Wells Fargo faces whistleblower lawsuit

By Richard Jones | Jan 11, 2017

SAN FRANCISCO — Wells Fargo is experiencing more fallout from its fake-account scandal.

According to California Labor News, a former branch manager has filed a lawsuit against the bank, alleging the bank fired her after she came forth with first-hand knowledge of alleged illegal sales tactics employed by the bank.

Diana Duenas-Brown of Somona, California filed a federal lawsuit in December in U.S. District Court for the Northern District of California. As previously reported in The Northern California Record, Duenas-Brown was fired in March 2015 for reporting that Wells Fargo engaged in fraudulent and deceptive practices against its consumers. After Duenas-Brown reported the activity, she began to be harassed by her supervisor. Her lawsuit claims wrongful termination and retaliation.

Duenas-Brown was a Wells Fargo employee for 14 years.

Wells Fargo has come under scrutiny during the past year as the Consumer Financial Protection Bureau accused the bank of opening more than 2 million bank and credit accounts without customers' knowledge starting in 2011. Wells later told CNN Money in September 2016 that it had terminated more than 5,000 employees in the aftermath of the allegations.

Wells Fargo responded to Duenas-Brown's allegations saying it has zero tolerance for any workplace harassment.

Ingrid Evans, a founding partner at the Evans Firm Inc. in San Francisco, told The Northern California Record that despite Wells Fargo’s firing of thousands of workers related to the allegations, employers are becoming more aggressive in fighting whistleblower retaliation claims.

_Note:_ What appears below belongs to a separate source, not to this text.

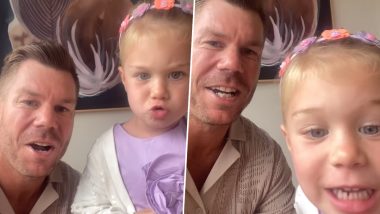 David Warner Shares Adorable Video: क्रिसमस 2023 पर प्रशंसकों को दी शुभकामनाएं, बेटी इस्ला के साथ मनमोहक साझा किया वीडियो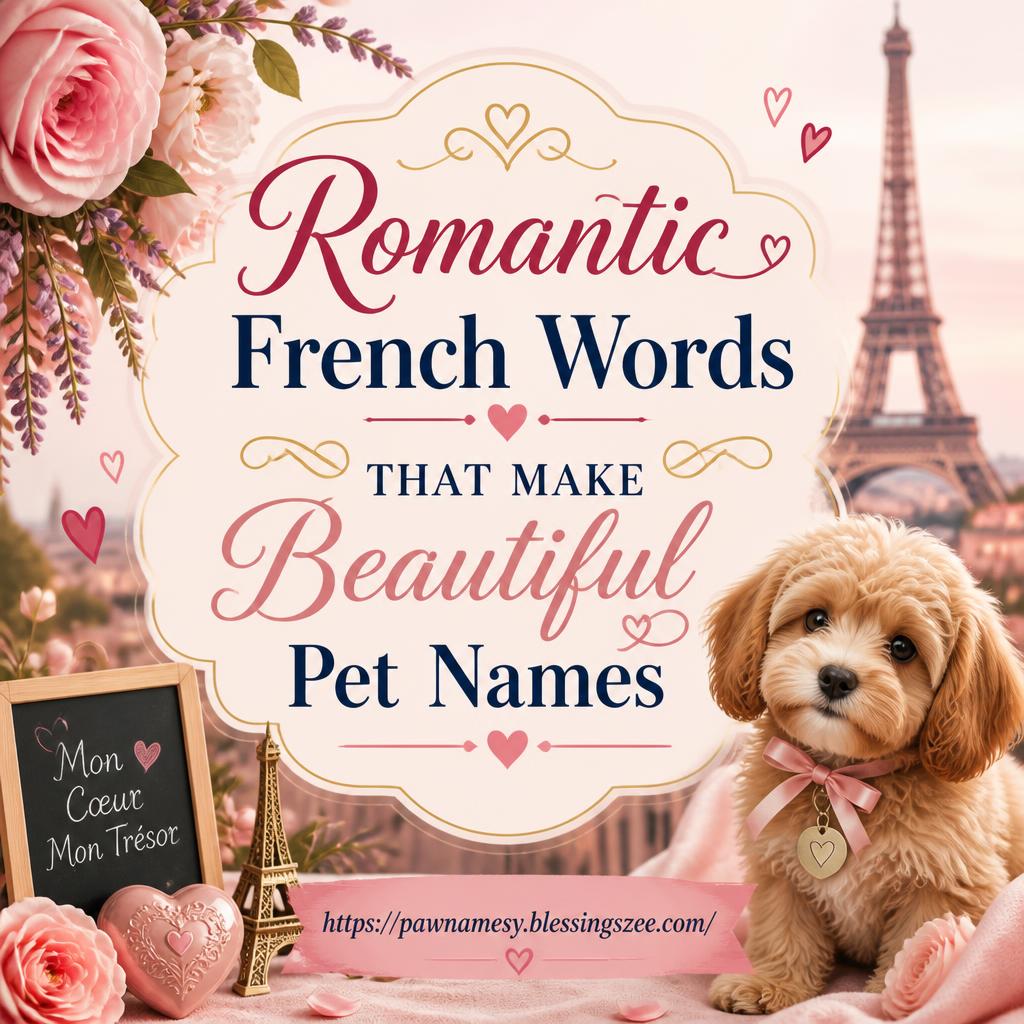 Romantic French Words That Make Beautiful Pet Names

“Employers will try to go after whistleblowers for blowing the whistle especially if they are in possession of confidential material,” she said. “Whistleblowers are an important part of our democratic process to protect consumers. The fact they may have confidential material should not be able to be used against them.”

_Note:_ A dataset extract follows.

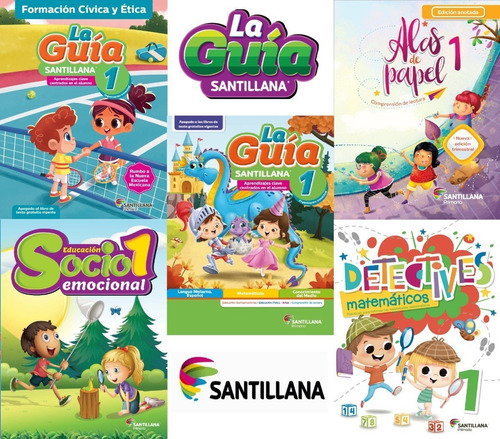Imagen 6 de 7 de Guia Santillana 1 Privado Particular 2021 2022 Pack 5 Vol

Evans said Duenas-Brown claim also faces the hurdle that California law does not actually ban abusive conduct in the workplace. In 2015, California Gov. Jerry Brown signed into law Assembly Bill 2053, which added new requirements for employers regarding training and the implantations of training programs to prevent abuse.

But while the law does require employers with more than 50 employees to provide training, it still does not statutorily ban abusive conduct in the workplace. It also does not require those same employers to create a definitive process for employees who have come forward and alleged abusive workplace conduct.

“Any type of conduct that is harassing or verging on something that might be illegal should come under scrutiny under California law,” Evans said. “There are some laws in California for illegal fraudulent and unfair business practices, and it would be nice to see unfair and fraudulent practices such as harassment and retaliation given added strength so there aren’t quite as many requirements for proving those cases.”

Evans pointed out that California law does address many forms of abusive conduct under other statutes, such as sexual harassment and discrimination laws.

Evans said she is not sure what a Donald Trump administration would mean for whistleblowers and whistleblower protections, but is willing to reserve judgment.

“I don't know if anyone can anticipate what is going to happen,” she said. “I don't think anyone can guess, but I certainly hope people are continued to be protected by the law.”